START RECORDED INFORMATION

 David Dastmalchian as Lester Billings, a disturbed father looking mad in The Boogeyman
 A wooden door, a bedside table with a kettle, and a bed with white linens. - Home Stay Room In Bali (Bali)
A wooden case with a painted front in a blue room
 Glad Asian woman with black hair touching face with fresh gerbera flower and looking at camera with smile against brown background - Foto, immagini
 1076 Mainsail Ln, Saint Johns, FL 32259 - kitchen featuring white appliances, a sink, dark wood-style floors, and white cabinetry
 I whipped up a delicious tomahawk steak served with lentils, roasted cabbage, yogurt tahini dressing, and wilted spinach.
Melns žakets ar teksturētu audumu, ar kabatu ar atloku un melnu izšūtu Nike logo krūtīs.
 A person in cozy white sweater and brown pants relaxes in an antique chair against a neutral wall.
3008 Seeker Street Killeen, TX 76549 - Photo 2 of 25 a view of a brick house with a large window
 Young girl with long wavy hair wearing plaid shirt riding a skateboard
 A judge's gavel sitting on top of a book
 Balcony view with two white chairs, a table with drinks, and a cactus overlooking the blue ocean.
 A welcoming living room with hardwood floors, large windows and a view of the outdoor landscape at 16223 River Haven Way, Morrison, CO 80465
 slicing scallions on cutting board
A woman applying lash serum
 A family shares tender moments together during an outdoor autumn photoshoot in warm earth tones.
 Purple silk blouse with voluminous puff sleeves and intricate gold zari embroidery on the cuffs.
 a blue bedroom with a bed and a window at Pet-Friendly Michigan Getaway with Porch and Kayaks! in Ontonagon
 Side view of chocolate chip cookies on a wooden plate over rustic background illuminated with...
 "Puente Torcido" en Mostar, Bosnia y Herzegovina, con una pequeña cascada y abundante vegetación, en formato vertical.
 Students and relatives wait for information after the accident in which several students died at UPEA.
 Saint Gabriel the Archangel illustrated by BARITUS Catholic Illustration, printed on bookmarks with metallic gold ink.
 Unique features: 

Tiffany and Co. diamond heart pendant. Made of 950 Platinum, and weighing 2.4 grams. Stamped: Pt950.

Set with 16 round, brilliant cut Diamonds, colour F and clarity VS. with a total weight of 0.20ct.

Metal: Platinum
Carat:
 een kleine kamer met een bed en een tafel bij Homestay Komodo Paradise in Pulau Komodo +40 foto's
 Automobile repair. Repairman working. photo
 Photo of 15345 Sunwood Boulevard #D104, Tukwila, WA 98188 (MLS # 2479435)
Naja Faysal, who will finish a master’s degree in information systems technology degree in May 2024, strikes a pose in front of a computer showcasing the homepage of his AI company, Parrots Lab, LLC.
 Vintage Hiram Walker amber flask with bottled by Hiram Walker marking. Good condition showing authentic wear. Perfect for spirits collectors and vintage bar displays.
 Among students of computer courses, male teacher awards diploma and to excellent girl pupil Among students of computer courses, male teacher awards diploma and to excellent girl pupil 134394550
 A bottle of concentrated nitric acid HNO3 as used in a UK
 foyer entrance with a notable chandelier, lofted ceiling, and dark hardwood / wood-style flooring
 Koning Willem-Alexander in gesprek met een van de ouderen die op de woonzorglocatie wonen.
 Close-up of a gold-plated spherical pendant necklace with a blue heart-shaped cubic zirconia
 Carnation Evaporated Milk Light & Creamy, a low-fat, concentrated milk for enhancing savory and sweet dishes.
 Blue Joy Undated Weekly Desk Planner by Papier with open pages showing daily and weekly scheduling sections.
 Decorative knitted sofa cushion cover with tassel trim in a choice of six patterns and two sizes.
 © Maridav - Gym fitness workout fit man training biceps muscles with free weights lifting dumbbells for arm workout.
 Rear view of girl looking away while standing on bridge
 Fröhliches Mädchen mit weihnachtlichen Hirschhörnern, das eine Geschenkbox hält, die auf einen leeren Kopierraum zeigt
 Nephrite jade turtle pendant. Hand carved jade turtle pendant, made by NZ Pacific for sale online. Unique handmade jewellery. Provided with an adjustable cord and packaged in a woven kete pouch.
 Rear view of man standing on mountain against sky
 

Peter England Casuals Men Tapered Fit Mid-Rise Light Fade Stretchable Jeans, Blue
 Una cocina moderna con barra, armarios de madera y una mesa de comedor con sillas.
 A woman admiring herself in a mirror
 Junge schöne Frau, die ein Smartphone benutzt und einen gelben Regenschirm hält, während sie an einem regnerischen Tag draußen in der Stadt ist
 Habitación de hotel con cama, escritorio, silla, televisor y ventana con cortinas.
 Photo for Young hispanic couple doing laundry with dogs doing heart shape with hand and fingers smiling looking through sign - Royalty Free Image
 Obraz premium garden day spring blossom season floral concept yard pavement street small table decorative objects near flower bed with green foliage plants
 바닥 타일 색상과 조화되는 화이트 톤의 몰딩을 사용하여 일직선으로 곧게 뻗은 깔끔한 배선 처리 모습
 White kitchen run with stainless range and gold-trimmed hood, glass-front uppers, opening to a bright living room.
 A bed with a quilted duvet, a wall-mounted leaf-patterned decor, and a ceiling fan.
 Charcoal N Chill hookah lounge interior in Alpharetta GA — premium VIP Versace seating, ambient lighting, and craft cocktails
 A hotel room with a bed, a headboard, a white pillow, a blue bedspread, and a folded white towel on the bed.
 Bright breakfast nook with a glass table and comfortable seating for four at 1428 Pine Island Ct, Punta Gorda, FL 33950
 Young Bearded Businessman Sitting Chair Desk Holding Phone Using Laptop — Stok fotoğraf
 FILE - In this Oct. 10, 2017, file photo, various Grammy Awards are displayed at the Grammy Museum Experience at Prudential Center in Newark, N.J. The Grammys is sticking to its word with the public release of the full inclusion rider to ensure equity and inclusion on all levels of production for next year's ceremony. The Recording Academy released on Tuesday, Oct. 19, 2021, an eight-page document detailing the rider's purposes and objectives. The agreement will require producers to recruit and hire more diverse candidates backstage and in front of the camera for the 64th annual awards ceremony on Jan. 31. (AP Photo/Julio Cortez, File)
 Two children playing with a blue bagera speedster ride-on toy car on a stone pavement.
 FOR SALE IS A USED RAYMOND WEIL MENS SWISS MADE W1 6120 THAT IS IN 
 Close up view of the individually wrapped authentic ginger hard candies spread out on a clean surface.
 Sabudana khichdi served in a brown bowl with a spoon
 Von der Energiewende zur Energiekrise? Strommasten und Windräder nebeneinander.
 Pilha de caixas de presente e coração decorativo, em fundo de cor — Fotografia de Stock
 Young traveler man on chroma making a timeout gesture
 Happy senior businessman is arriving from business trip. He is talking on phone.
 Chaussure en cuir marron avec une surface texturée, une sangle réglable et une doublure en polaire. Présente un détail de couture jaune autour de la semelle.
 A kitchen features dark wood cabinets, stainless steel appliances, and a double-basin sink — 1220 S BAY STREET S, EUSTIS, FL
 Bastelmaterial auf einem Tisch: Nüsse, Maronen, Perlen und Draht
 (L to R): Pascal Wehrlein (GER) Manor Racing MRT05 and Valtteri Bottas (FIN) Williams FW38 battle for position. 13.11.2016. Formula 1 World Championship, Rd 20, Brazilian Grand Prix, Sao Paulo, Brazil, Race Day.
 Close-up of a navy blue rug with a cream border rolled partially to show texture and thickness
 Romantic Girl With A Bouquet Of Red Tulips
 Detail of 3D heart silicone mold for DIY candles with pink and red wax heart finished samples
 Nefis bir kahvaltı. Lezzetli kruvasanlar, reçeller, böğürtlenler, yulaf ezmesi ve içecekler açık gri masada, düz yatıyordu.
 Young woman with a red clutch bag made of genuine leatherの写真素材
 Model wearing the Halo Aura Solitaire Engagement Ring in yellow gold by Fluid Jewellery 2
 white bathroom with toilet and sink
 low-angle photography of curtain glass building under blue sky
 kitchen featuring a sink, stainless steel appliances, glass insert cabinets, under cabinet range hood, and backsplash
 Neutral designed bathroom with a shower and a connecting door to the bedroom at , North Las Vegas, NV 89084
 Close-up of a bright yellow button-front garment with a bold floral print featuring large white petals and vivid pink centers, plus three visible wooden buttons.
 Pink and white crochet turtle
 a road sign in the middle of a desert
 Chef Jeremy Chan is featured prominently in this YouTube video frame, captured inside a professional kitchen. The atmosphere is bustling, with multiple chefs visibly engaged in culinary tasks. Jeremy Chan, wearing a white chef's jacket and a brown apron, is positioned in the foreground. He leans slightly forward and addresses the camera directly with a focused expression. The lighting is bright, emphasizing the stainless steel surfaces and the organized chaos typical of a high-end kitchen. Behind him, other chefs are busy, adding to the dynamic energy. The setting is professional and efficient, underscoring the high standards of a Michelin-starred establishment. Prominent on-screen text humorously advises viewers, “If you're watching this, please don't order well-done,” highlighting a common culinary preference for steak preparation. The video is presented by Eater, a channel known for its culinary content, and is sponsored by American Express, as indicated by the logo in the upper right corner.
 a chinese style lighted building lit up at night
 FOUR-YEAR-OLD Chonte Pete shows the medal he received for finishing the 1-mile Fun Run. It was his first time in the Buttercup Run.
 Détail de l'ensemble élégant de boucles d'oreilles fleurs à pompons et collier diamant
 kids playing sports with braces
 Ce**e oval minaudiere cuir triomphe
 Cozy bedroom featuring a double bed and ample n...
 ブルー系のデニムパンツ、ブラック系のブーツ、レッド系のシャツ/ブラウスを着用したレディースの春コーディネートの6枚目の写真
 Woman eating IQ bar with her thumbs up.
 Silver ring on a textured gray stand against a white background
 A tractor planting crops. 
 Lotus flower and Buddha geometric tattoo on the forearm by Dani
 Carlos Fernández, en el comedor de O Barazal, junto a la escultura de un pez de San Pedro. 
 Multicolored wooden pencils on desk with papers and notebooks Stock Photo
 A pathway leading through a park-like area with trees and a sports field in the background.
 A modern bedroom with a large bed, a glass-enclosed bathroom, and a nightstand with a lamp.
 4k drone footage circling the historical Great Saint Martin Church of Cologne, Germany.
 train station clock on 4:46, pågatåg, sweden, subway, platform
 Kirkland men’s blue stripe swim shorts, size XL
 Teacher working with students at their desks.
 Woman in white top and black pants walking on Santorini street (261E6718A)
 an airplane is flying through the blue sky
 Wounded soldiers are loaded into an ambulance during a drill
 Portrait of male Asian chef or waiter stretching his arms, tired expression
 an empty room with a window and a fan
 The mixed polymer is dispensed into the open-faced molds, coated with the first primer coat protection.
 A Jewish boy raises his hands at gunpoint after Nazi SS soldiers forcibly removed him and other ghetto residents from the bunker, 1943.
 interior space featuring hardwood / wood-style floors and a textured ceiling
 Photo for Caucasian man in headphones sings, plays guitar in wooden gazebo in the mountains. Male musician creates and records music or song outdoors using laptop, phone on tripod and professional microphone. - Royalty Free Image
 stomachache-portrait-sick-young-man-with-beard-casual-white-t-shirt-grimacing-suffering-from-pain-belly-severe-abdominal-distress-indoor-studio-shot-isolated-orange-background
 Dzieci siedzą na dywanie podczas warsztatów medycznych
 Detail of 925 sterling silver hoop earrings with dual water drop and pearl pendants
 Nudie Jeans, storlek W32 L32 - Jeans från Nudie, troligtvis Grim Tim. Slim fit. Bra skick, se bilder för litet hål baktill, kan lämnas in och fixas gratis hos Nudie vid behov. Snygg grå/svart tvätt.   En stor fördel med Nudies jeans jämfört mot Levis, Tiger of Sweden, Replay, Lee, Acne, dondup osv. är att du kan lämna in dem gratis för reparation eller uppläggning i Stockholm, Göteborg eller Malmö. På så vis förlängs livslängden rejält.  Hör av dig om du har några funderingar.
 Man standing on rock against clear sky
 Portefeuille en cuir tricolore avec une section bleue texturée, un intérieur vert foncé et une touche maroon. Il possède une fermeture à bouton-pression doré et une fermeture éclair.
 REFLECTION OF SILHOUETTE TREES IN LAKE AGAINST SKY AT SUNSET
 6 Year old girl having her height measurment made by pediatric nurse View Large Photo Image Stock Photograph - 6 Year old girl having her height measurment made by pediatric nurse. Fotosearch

END RECORDED INFORMATION

**GOAL OF THE EXERCISE:**
Take the records above and return, word for word, only the lines that fall from the line with "Young Bearded Businessman" to the line with "Happy senior businessman", both of them included.

**OUTPUT:**
 Young Bearded Businessman Sitting Chair Desk Holding Phone Using Laptop — Stok fotoğraf
 FILE - In this Oct. 10, 2017, file photo, various Grammy Awards are displayed at the Grammy Museum Experience at Prudential Center in Newark, N.J. The Grammys is sticking to its word with the public release of the full inclusion rider to ensure equity and inclusion on all levels of production for next year's ceremony. The Recording Academy released on Tuesday, Oct. 19, 2021, an eight-page document detailing the rider's purposes and objectives. The agreement will require producers to recruit and hire more diverse candidates backstage and in front of the camera for the 64th annual awards ceremony on Jan. 31. (AP Photo/Julio Cortez, File)
 Two children playing with a blue bagera speedster ride-on toy car on a stone pavement.
 FOR SALE IS A USED RAYMOND WEIL MENS SWISS MADE W1 6120 THAT IS IN 
 Close up view of the individually wrapped authentic ginger hard candies spread out on a clean surface.
 Sabudana khichdi served in a brown bowl with a spoon
 Von der Energiewende zur Energiekrise? Strommasten und Windräder nebeneinander.
 Pilha de caixas de presente e coração decorativo, em fundo de cor — Fotografia de Stock
 Young traveler man on chroma making a timeout gesture
 Happy senior businessman is arriving from business trip. He is talking on phone.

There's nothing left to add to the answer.